La prima partecipazione di Powell al simposio di Jackson Hole è apparsa subito come una dichiarazione di indipendenza della banca centrale Usa di fronte ai mai velati inviti del presidente Usa a smorzare la politica di rialzo dei tassi intrapresa dalla Fed, politica che a suo dire, zavorrerebbe il dollaro e diminuirebbe l'efficacia delle misure fiscali che sono state finora approntate.
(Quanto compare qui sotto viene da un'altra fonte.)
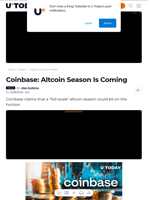 Coinbase: Altcoin Season Is Coming - U.Today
Eppure, con il passare delle ore, gli osservatori, sempre in virtù del fatto che il diavolo è nei particolari,stanno notando, nel discorso di Powell, qualche segnale di distensione forse eccessiva, rappresentato da qualche “if” (se) di troppo. L'economia Usa è innegabilmente in una buona, se non ottima, posizione, eppure il governatore ha rimarcato più volte, forse anche troppe, la necessità che le cose dovranno continare su questo piano. Altrimenti potrebbe deragliare tutto.

E se... 

La stretta sui tassi continuerà, con buona pace di Trump, ma a molti è parso di percepire che i futuri incrementi non sono scritti sulla pietra e saranno perciò valutati di volta in volta sempre in rapporto a crescita dei salari, condizioni del mercato del lavoro, pressioni sull'inflazione. Intanto, proprio questo suo approccio forse un po' troppo cauto, sono nati i primi timori che hanno portato ad un leggero aumento dell'oro. Poco dopo le 14, infatti, il metallo giallo superava i 1.206 dollari l'oncia. In realtà ua piccola, uteriore spinta potrebbe essere arrivata anche dalle parole di un altro esponente della Fed, James Bullard, presidente della Federal Reserve di St. Louis, secondo cui l'economia Usa potrebbe rallentare tra il 2019 e 2020 sebbene il 2018 continuerà ad essere un buon anno, aiutato in ciò, più che altro dagli stimoli fiscali voluti dall'amministrazione repubblicana. Numeri alla mano, le sue previsioni parlano di una crescita media del 2%. In realtà il 2018 non è stato un grande anno per il metallo giallo, nonostante i tanti spunti offerti dalla che invece avrebbe avuto per crescere, a cominciare dalla questione nordcoreana fino a quella iraniana, senza contare la guerra commerciale. Slo per citare le più evidenti.